Desta forma, independentemente das alíquotas diferenciadas por municípios ou por estados para o IBS, conforme consta do PLP nº 68/2024, não haverá nenhuma interferência nos custos de produção de mercadorias ou serviços, uma vez que o novo imposto em nada interfere nos custos.

O mesmo raciocínio se aplica em relação à CBS. Muito embora, a alíquota da CBS seja fixada pela União como alíquota única em todo o país, porém, na hipótese de alteração, também não haverá qualquer interferência na formação de custos do contribuinte.

Por fim, infelizmente, tudo indica que deverá haver alguma diferenciação na tabela de preços de venda, levando-se em conta alíquotas ou faixas de alíquotas do IBS a serem adotadas pelos municípios de destino.

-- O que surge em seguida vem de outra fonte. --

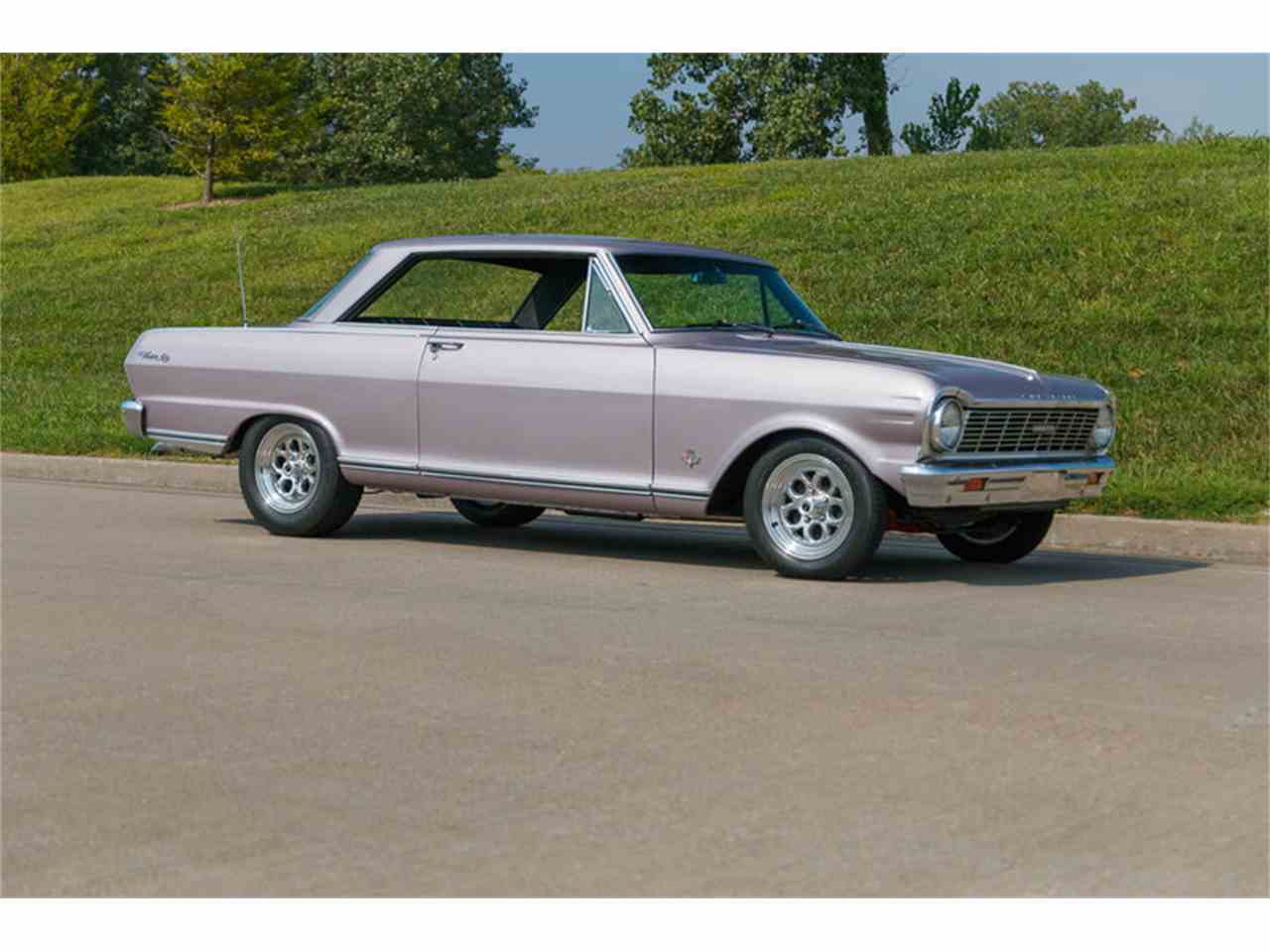 1965 Chevrolet Nova SS for Sale | ClassicCars.com | CC-936499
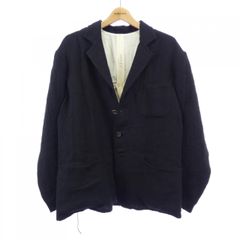 売り切り✨ZILLI ジリー ボンバージャケット ブルゾン ベロア レザー 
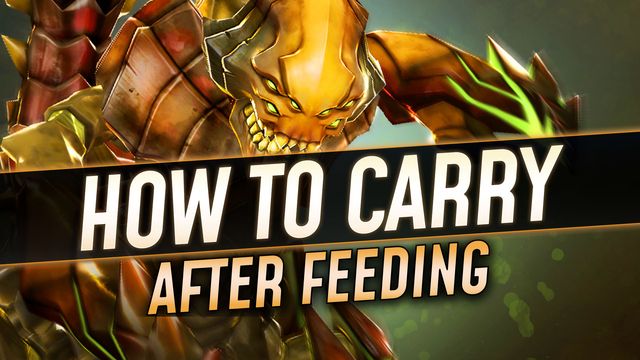 How to Carry After Feeding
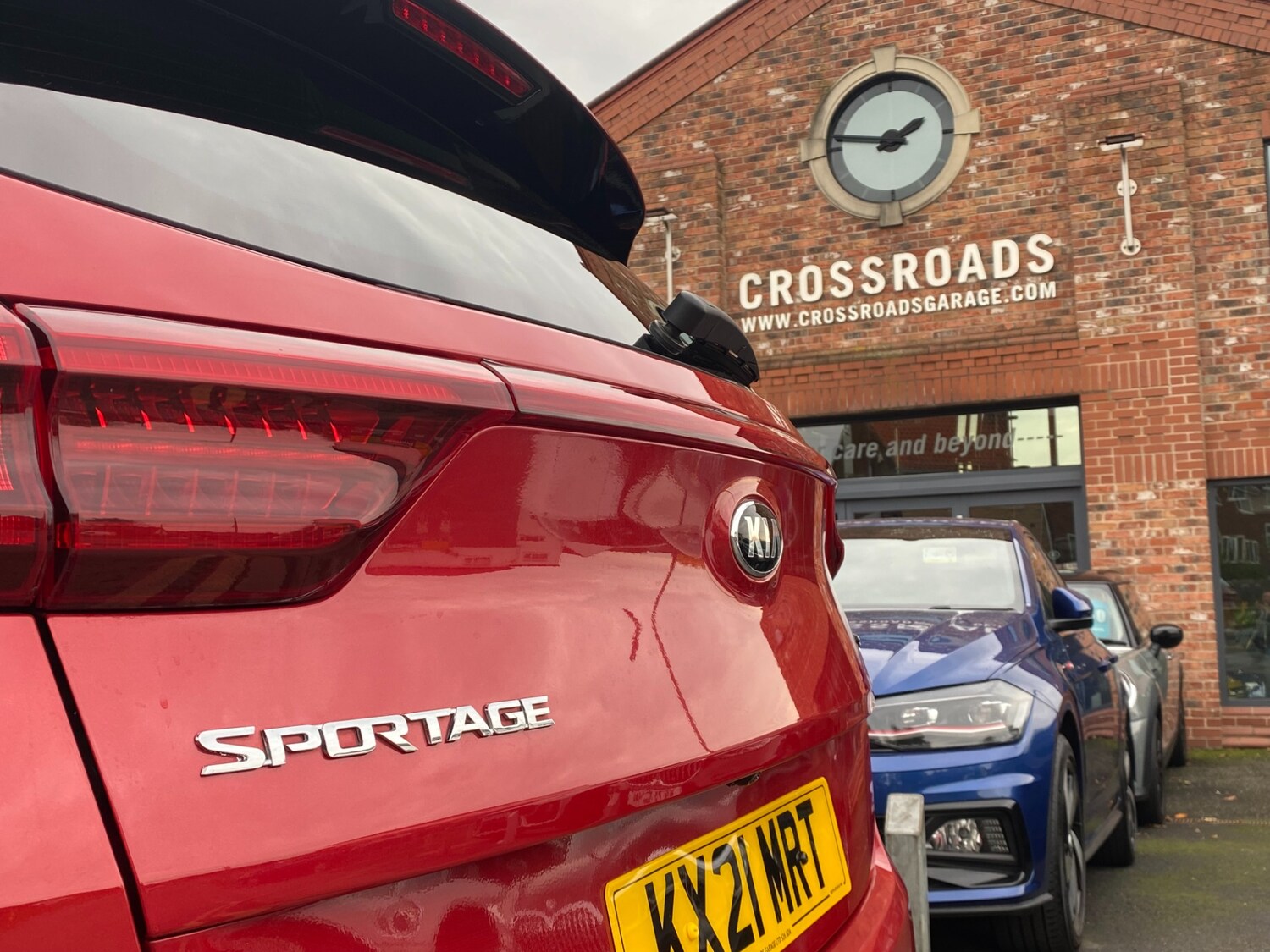 Used Kia Sportage 2021 for sale - 76497736: Photo 38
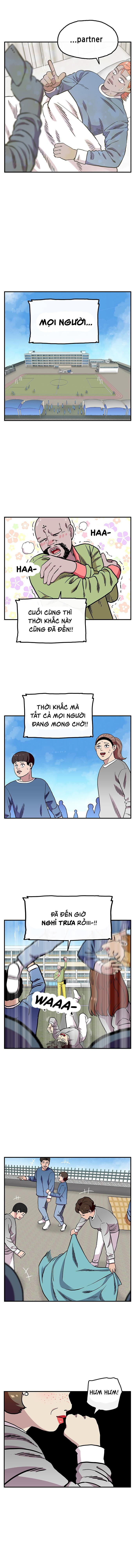 Chúa Tể Muôn Loài Chapter 47 - 12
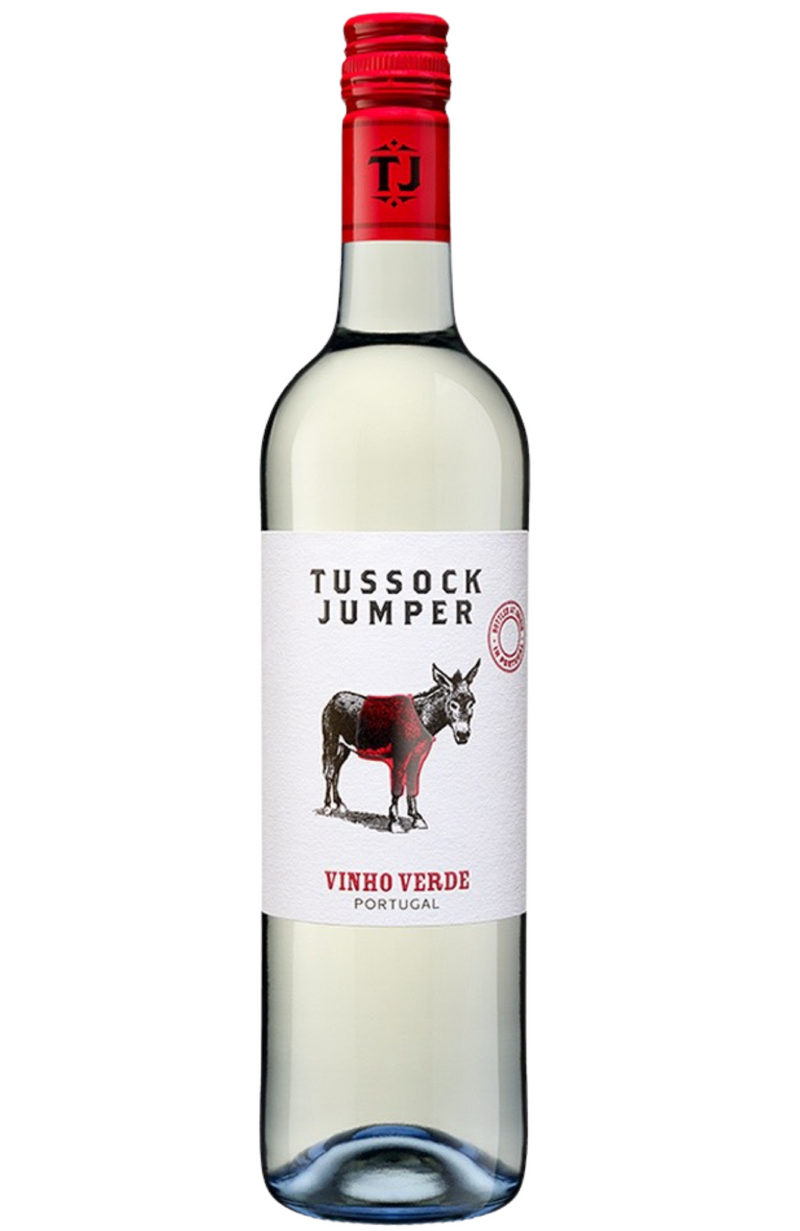 Tussock Jumper - Vinho Verde 11% 75cl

O diferencial de preços de venda por município não deverá ser muito significativo, uma vez que as diferenças de alíquotas entre eles devem ser pequenas. Enquanto isso, em relação ao Estado de destino, não deverá haver diferenciação de preços de venda para aquele território, tendo em vista que a alíquota estadual do IBS será única para cada Estado. Tampouco deverá haver diferenciação de preços de venda em razão da CBS devida na operação, já que também terá alíquota única em todo o país.